___ Provided records ___
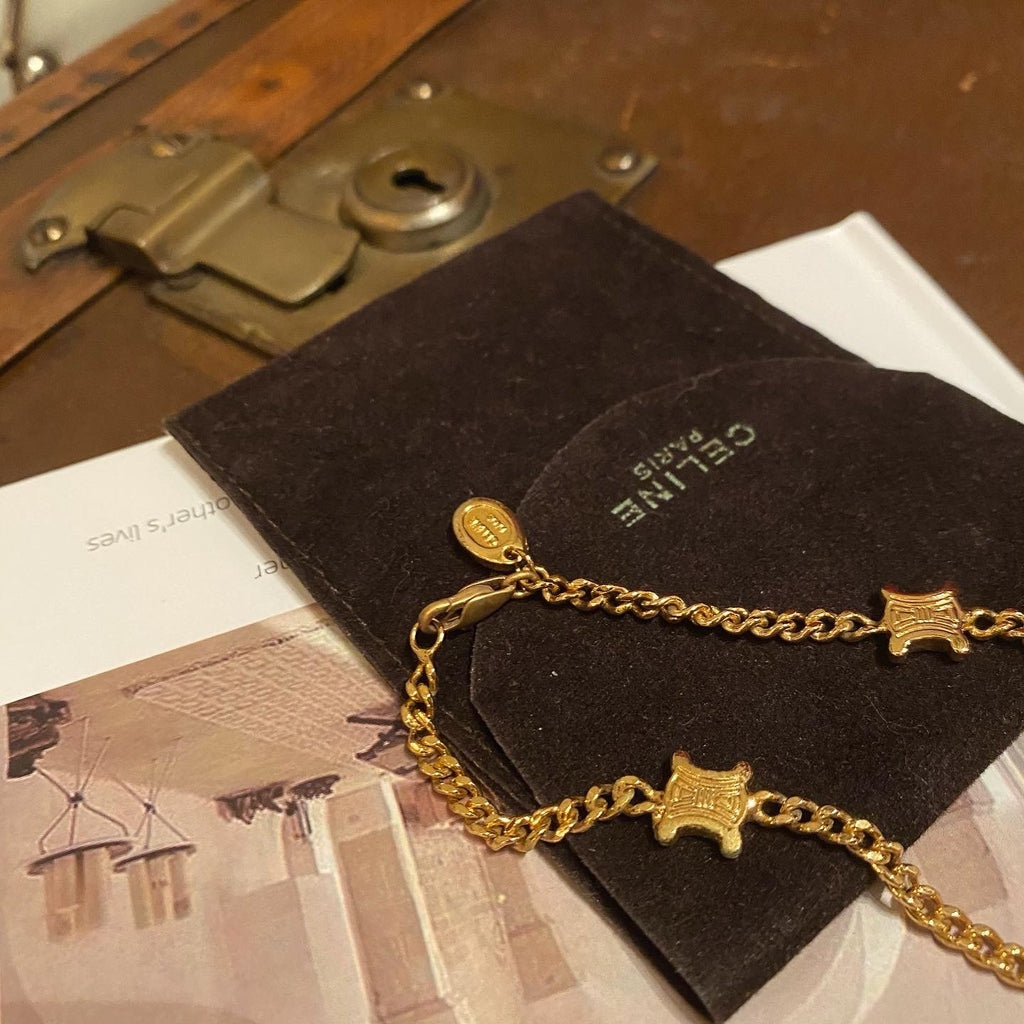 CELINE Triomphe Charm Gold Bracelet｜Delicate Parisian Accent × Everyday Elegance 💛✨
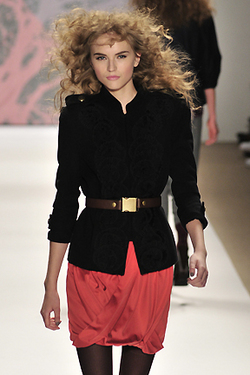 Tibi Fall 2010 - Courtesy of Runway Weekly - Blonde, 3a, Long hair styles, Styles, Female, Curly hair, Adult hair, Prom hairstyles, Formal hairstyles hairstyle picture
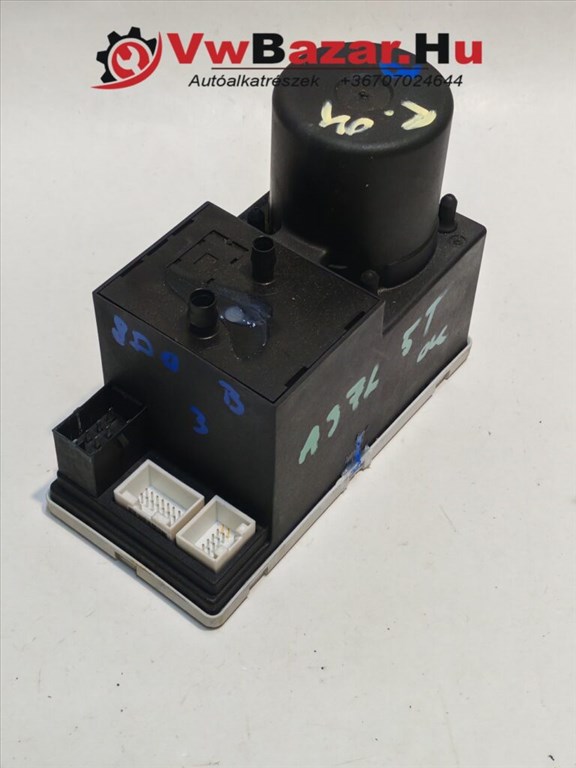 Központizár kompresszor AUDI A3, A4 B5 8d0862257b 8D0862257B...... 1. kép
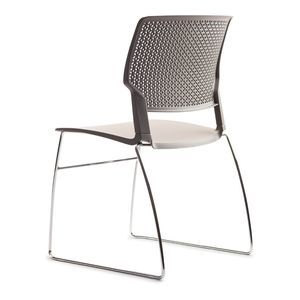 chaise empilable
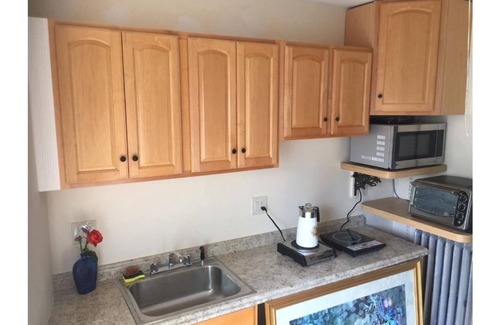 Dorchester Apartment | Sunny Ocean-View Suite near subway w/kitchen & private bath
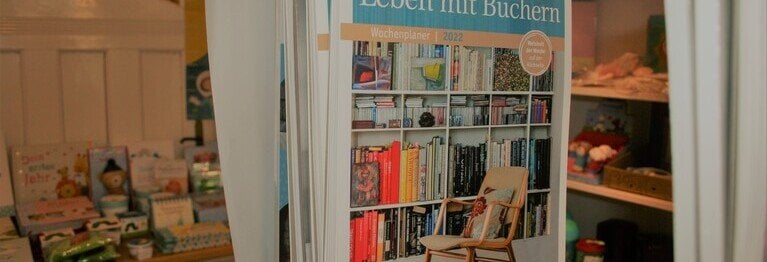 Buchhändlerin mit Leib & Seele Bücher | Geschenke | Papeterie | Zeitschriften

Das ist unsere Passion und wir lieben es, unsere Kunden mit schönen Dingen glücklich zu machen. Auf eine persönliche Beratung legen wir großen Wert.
___
Instructions to follow:
Start with the line with "Központizár kompresszor AUDI" in the listing above and stop after the line with "Buchhändlerin mit Leib". Write out exactly the lines in that stretch and no others, without pictures.

The completed task:
 Központizár kompresszor AUDI A3, A4 B5 8d0862257b 8D0862257B...... 1. kép
 chaise empilable
 Dorchester Apartment | Sunny Ocean-View Suite near subway w/kitchen & private bath
 Buchhändlerin mit Leib & Seele Bücher | Geschenke | Papeterie | Zeitschriften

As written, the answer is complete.